So you’re seeing someone. Someone realllly nice. And really attractive. And, well, you’re head over heels.
You’ve been dating for a while, and you think it’s going well, right? But you can’t help the lingering questions in the back of your mind: Does he like me too? Is he serious about me? Will he ever commit to me?
Your friends are getting bored of your constant questioning: ‘is it going anywhere?’, and you’re starting to wonder if he’s just stringing you along.
Trust me, I get it.
I mean, there is a lot at stake when you put your heart on the line, and you’re running the risk of wasting months, or years, of your life on a man who never intended to keep you around. All the while your feelings and hopes grow.
So, what tell-tale signs suggest he just doesn’t want a relationship? What can we do to spare ourselves the time, energy, and heartbreak that goes into determining how a man feels?
1. He TELLS you he doesn’t want a relationship
Alarm bells should have gone off BIG time on this one. If a man says he doesn’t want a relationship, he DOESN’T want a relationship.
He’s not just saying it to play a game to make you want him more. He’s not saying it to get a reaction.

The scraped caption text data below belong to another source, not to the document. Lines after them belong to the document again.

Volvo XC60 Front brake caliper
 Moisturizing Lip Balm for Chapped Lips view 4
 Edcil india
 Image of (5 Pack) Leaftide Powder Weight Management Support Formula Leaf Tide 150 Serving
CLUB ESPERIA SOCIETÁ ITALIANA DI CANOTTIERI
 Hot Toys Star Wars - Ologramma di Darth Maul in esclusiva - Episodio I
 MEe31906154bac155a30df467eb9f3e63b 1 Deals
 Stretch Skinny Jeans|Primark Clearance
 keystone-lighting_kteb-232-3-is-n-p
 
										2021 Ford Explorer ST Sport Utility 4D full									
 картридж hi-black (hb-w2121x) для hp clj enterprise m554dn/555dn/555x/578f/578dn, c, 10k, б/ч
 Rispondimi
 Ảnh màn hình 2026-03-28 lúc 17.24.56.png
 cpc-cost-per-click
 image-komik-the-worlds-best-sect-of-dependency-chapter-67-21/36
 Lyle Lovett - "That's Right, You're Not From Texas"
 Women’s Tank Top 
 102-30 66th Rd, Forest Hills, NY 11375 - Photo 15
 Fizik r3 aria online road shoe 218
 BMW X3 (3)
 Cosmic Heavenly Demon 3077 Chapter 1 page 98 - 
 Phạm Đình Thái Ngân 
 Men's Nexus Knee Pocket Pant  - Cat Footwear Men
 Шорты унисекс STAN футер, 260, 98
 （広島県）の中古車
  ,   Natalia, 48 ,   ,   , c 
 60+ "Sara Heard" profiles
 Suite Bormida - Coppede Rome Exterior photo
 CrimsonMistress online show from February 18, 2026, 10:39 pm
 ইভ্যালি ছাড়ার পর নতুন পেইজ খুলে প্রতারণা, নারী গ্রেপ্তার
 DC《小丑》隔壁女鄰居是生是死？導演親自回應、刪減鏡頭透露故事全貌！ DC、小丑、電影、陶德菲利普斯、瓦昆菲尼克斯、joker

He’s not saying it because he has nothing better to say.
If he wants a relationship, he will actively make it happen.
In fact, I reckon the most common relationship recently is the modern day non-relationship, that is, when you’re dating a guy and you’re basically boyfriend/girlfriend aside from the fact that you’re not.
The ugly truth is this: when a guy says he doesn’t want a relationship, what he’s really saying is he doesn’t want a relationship with you.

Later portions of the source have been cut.